La deuxième question qu’il faut se poser est la faisabilité du projet. Le premier voyage avec les 4 premiers colons doit coûter 6 milliards de dollars. Chaque voyage coûterait ensuite 4 milliards. Compte tenu de la technologie requise pour une telle aventure, cela peut sembler dérisoire. La mission est confrontée à de vrais défis techniques. Pour donner quelques exemples, il n’existe pour le moment pas de moyen viable pour faire atterrir une navette de plusieurs tonnes sur Mars. C’est déjà un problème, on en conviendra. On ne pourra évidemment pas déplacer les navettes une fois au sol. La production d’oxygène et de nourriture reste également une contrainte. De la même manière, les colons sont aussi soumis à des conditions particulières. Après un voyage de 7 mois, le retour à la gravité les affectera grandement sur le plan physique pendant plusieurs semaines. Le voyage en lui-même est presque inimaginable au regard du temps de trajet et de l’espace qu’offrira la navette à ses occupants. De plus, ils seront exposés à un niveau de radiation notable sur l’ensemble du trajet. Á cela s’ajoute la gravité propre à Mars et ses conséquences jamais mesurées sur l’organisme. Rien de très réjouissant.
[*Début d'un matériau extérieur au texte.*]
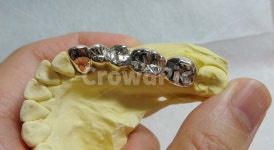 치과, 크라운, 골드, 브릿지, dentist, 사진,이미지,일러스트,캘리그라피 - SeeOn작가 크라우드픽 - 저작권 걱정 없는 상업용 이미지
Enfin, un dernier point est à éclaircir, comment un projet de ce type peut-il voir le jour légalement ? On ne pourrait pas faire ici une analyse complète de cette question mais certains éléments peuvent déjà être considérés. Le projet Mars One doit être rattaché à un pays pour voir le jour suivant la Déclaration de 1962 sur l’exploration et l’exploitation de l’espace, la Hollande semble en être la terre d’accueil. Cependant, aucun droit d’appropriation ne peut être donné sur un corps céleste ou une partie de celui-ci et toute exploitation devra se faire au bénéfice de l’humanité entière. De cette façon, aucune entreprise privée ne peut tirer bénéfice, en théorie, de la colonisation d’une planète. En théorie donc, Interplanetary Media Group n’a aucun droit d’exploitation sur ce qui se fera sur Mars. En outre, tout équipement ou matériel sur Mars est supposé appartenir à l’ensemble des États, quelque soit la source de financement. Pour finir sur le caractère juridique, l’Accord sur le sauvetage des astronautes de 1968 impose aux États de venir au secours de toute personne dans le besoin dans l’espace, ce qui en principe viendrait contre une des conditions très médiatisées imposées aux colons par Mars One, le voyage vers la planète rouge est sans retour.

Mars One semble alors beaucoup moins sexy et beaucoup plus inatteignable que ce que certains journaux ont bien voulu nous faire croire. Beaucoup de chose reste à faire pour que ce projet voit le jour mais l’idée de la colonisation d’une autre planète n’est pas non plus à exclure totalement. Un tel projet, même si son aboutissement est incertain, aura de réels effets positifs en termes d’avancée technologique. Quoiqu’il en soit, il faudra attendre encore un peu avant de pouvoir suivre les aventures de Nabilla sur Mars. Patience.